Sarum 485

Sarum crossection
Black Abbey: This place is a small abbey of the Benedictine Order.

Castle (a.k.a. Queen’s Castle): A 300-foot-diameter mound stands above the city about it, surrounded by a deep ditch whose dirt made much of the mound. Around the outer edge of the mound is a stout log wall. Entry is possible only through the gateway with its drawbridge,
on the east side of the castle.

Inside are many buildings, especially the Great Hall. Note, too, the kitchens, guest house, stable, and other buildings.

Total DV = 3/10/11. The initial 3 points of defense are the city walls (see below). It is an AREA = 4 city + 1 for the castle.

Medium Castle: Stone walls with ditch (7); two square towers with gates (4×2); one square tower with postern (0);one square tower (5); stronghold, a large stone tower on motte (10.) Minimum garrison = 20 men.

Cathedral of the Blessed Virgin Mary: The church of the Blessed Virgin Mary was established here by Gravaine, a follower of Josephe, the first bishop of Britain. They settled in the Druid’s Quarter. After the Romans destroyed the druids, the quarter became largely Christian. The head of the abbey was later made a bishop, and the church became a cathedral.

City Wall: The city is surrounded by a massive ditch and mound surmounted by a city wall.
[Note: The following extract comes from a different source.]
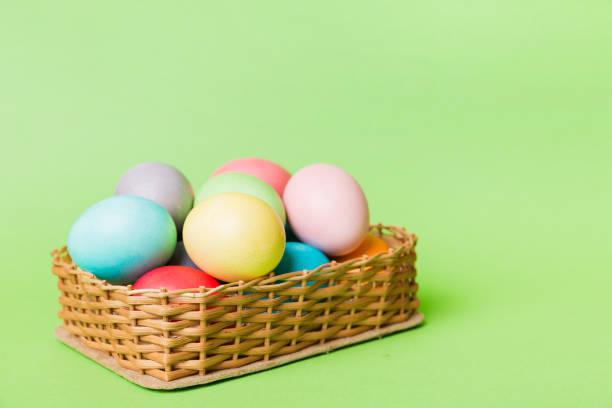 istock Multi colors Easter eggs in the woven basket on colored background . Pastel color Easter eggs. holiday concept with copy space 1371927276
Two gates pierce the walls, each protected by a gate tower. (These are the outer defenses for the castle, detailed above.) The city requires a garrison of 100 to fully man the walls.

Eagle Market: In this, the international market, stands a large statue of an eagle that used to speak to the lords of the Belgae. It was a gift of King Belinus, the conqueror of Rome.

Earl’s Hall: Salisbury Hall is a stout stone building in Sarum Castle. It is two stories, with the earl and his family living overhead.

Fool’s Gate: The eastern gate is called the Fool’s Gate because Queen Cordelia granted living quarters in the ancient gate tower to the fool who helped her crazed old father, King Lear.

Josephe Abbey: This is one of the oldest Christian abbeys in Britain, where many brown-robed monks of the Alban order reside and take care of the cathedral.

Motte: The castle sits on a raised mound in the center of the city.

Quarter Walls: Four walls divide the city into quarters. None have gates but all are open at both ends to allow passage.

Damas Gate: Damas was a son of Velanus, and the first Belgae lord of this city and castle. The city thrived so much that he opened the western wall to have this second gate to double the market available to his people.

White Abbey: This Cistercian abbey has a couple of hundred of monks, servants and workers.